Large Influx Of Cash
A large, sudden deposit of cash into your account is a major red flag for lenders. It might signal to a lender that you’ve taken out a loan for your down payment that isn’t showing up on your credit report. The point of a down payment is to show that you’re a responsible borrower who saved money from your steady income to cover the cost of your sale. Using a loan for your down payment defeats the purpose of the payment itself and signals that you’re a risky borrower.
Sometimes, there’s an acceptable reason for a sudden increase in savings. You may have started a new job with a sign-on bonus or received a monetary gift from a family member. Make sure you have documentation that shows exactly where the money came from before you submit your statements.
For example, maybe your parents gave you a lump sum of money as a gift for your down payment.
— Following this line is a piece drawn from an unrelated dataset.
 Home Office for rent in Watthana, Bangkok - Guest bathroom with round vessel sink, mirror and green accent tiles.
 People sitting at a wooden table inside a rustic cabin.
You may need to ask your parents for a copy of the transfer slip or their bank account statement as proof, as well as a gift letter stating that it does not need to be repaid.
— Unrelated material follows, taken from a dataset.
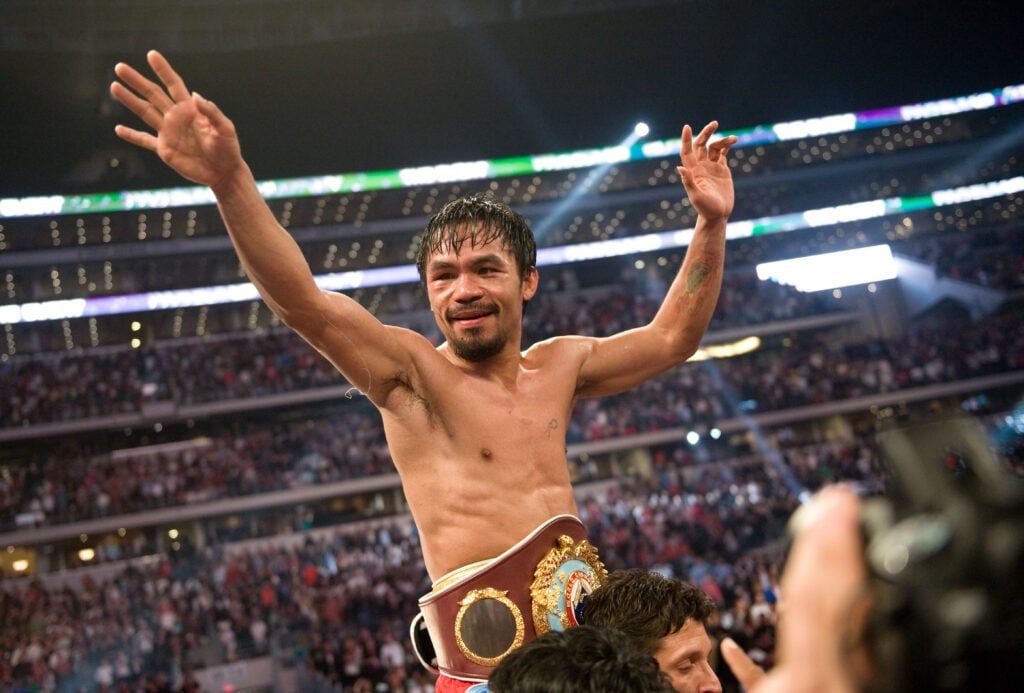 Manny Pacquiao sits upon a teammate's shoulders with a belt around his waist celebrating defeating Joshua Clottey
Overdrafts occur when you spend or withdraw more money than what’s in your account. Most banks charge overdraft fees – and underwriters certainly look for these. Though everyone can make a mistake or two, regular overdrafts are a major red flag for mortgage lenders.
Regular overdrafts on your account might signify that you overestimate how much money you have. It can also show that you’re prone to borrowing more than you can afford to pay back. Be ready to explain any overdraft charges on your account.
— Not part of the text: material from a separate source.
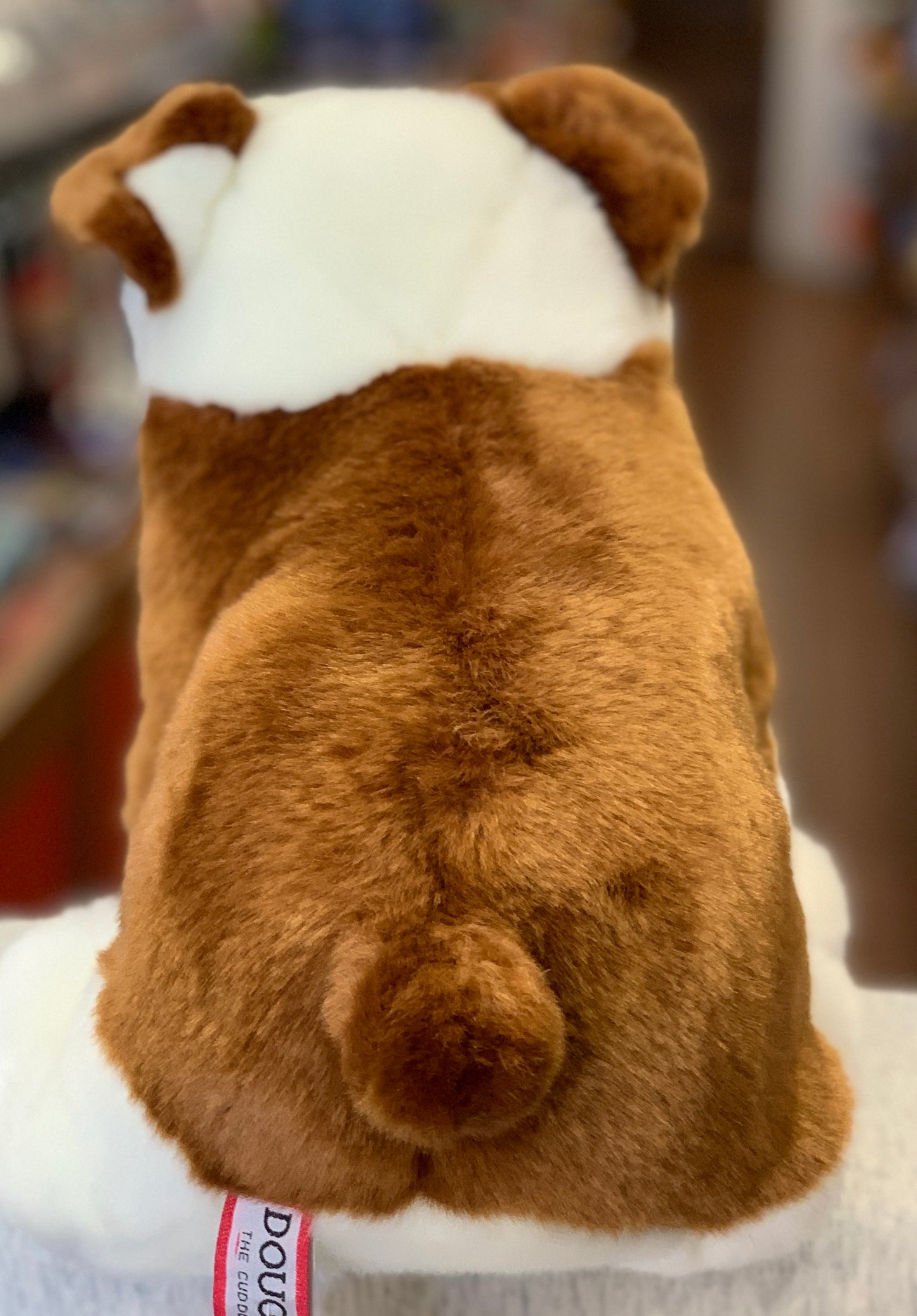 Plush bulldog stuffed animal with brown and white fur, viewed from behind, showing realistic wrinkles and tail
A bank statement is a monthly or quarterly document that lists all of your banking activity. You can easily download your statements from your bank’s website and send them to your lender.
Lenders look at bank statements before they issue you a loan because the statements summarize and verify your income. Your bank statement also shows your lender how much money comes into your account and, of course, how much money is taken out of your account.
Lenders also take a look at your statements because it helps them avoid fraud and lessens their risk. Most lenders ask to see at least two months’ worth of statements before they issue you a loan.
Lenders use a process called “underwriting” to verify your income. Underwriters conduct research and assess the level of risk you pose before a lender will assume your loan. Lenders look for red flags such as unusual income activity, sudden large deposits and overdrafts.
You can improve your chances of getting a loan by keeping your finances consistent and being responsive when your lender asks for financial information. Don’t take out any major loans at least six months before you apply for a mortgage. Watch your account balances to avoid overdrafts. If your lender asks you for more bank statements or explanations, be ready with documentation.